Every time she holds up a fire engine red dress at the mall or selects a ruby red nail polish at a salon or points to a maroon red paint sample and casually checks in with me to confirm, “What color is this?” – my mind basically bends in half.
“Does it look more like fire or grass to you?” I asked once, determined to get to the bottom of this once and for all.
“I don’t know. Fire and grass look like basically the same color to me.”
“But, wait – does it look more like pink or blue to you?”
“I’m not sure. It’s hard to tell.” She shrugged, untroubled.
It’s not so much the fact of her color-blindness that bewilders and intrigues me. It’s the larger idea that we can be looking at the exact same color and never really be certain that we’re seeing the same color at all.

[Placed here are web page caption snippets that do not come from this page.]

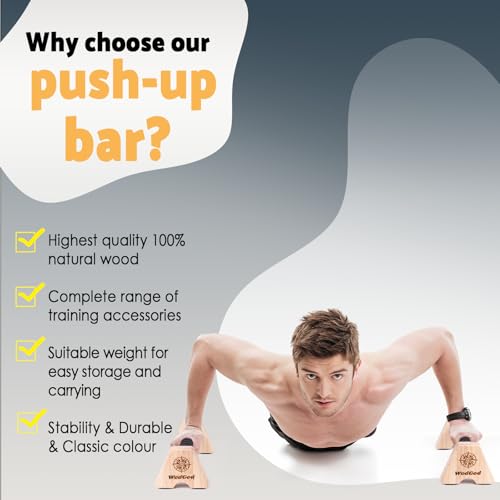 Premium Wooden Push Up Bars,Parallettes Bars for Calisthenics,Push Up Handles,Calisthenics Equipment for outdoor&home,Complete Push-Up Workout Kit,Solid rubber wood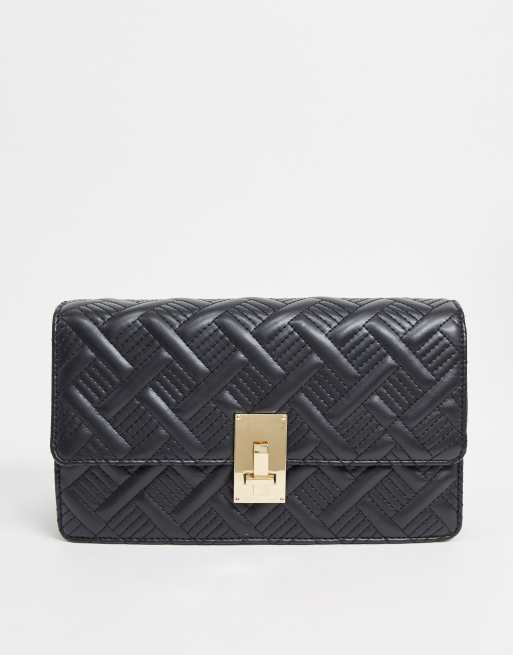Bolso bandolera acolchado con detalles metalizados en negro de ASOS DESIGN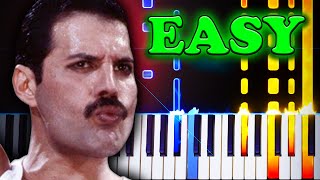 Queen  Dont Stop Me Now  EASY Piano Tutorial [upl. by Sirromaj838]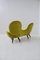 Italian Loveseat Sofa in Yellow Velvet by Renzo Zavanella, 1950 9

I can easily accept subjective interpretations of experiences. Sure, two people can read the same book, see the same sunset, participate in the same conversation and both leave with entirely different impressions. And I can theoretically accept that language is subjective too. If I tell you “I love you,” there is no way to confirm with any certainty that the picture of love in my head matches the picture in yours. If you tell me that you believe in God, your inexpressible image of God might not match anything that I would recognize as a god. We might only think we’re communicating when we’re actually in entirely different conversations.

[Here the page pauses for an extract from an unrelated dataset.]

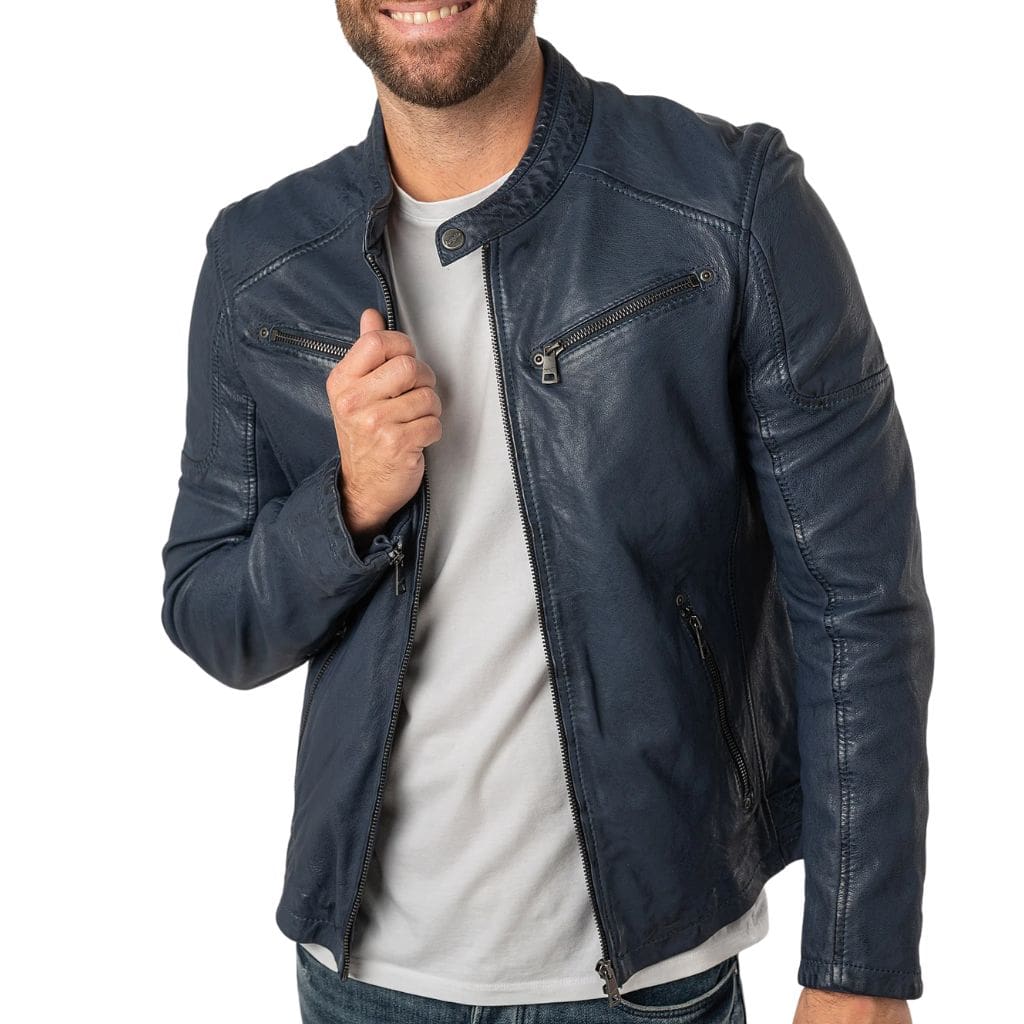 Men wearing  Dark Blue Leather Men’s Slim Fit Motorcycle Jacket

But if something as deeply rooted in concrete reality as color is in the eye of the beholder, it calls into question the very possibility of shared perception.
On a day-to-day basis, I forget all of this. I go through most days choosing to believe that we are all on the same page with regard to the basics of reality, because that’s the only functional, pragmatic thing to believe. But this paradigm becomes impossible to maintain in those moments when my best friend holds up a hunter green fabric swatch or a mint green purse or an emerald green notebook and asks me, “What color is this?”
Maybe that’s why a (spoiler alert) black-and-blue dress scorched the internet this week.
Optical illusions are fairly commonplace, but this wasn’t a typical illusion. There was no way to squint and find a path back to an objective, shared reality. There was just the realization two people could look at the exact same dress and see two entirely different dresses. There was just the implicit question of whether it’s possible to ever know how anyone else sees anything.
Maybe the intense social media reaction was not in response to the idea of this photograph as an illusion, but in response to the idea that our shared reality is an illusion. It revealed a divide rarely contemplated but always lurking. It provoked people to defend their perception as if their very reality depended on it. Because, in a way, it did.